(Beginning of PROVIDED RECORDS)
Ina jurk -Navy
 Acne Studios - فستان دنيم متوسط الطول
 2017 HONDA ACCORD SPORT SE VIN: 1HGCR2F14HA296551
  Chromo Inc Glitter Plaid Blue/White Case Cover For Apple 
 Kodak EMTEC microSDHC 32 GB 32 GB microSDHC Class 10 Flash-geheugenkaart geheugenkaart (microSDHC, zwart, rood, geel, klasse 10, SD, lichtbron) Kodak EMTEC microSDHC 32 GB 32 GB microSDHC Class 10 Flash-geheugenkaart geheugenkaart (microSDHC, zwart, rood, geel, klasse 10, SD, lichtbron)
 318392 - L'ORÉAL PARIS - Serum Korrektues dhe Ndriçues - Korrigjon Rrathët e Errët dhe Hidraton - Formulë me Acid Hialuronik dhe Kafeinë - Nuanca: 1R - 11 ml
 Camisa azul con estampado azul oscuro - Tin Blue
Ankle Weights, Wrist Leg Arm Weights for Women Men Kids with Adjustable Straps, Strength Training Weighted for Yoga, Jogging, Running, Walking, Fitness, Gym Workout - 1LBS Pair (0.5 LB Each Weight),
(End of PROVIDED RECORDS)
> _HOW TO COMPLETE THIS TASK_: Looking at the records above, count the lines with the word "Blue" in them; reply with the number only.

> _FINISHED EXERCISE_: 2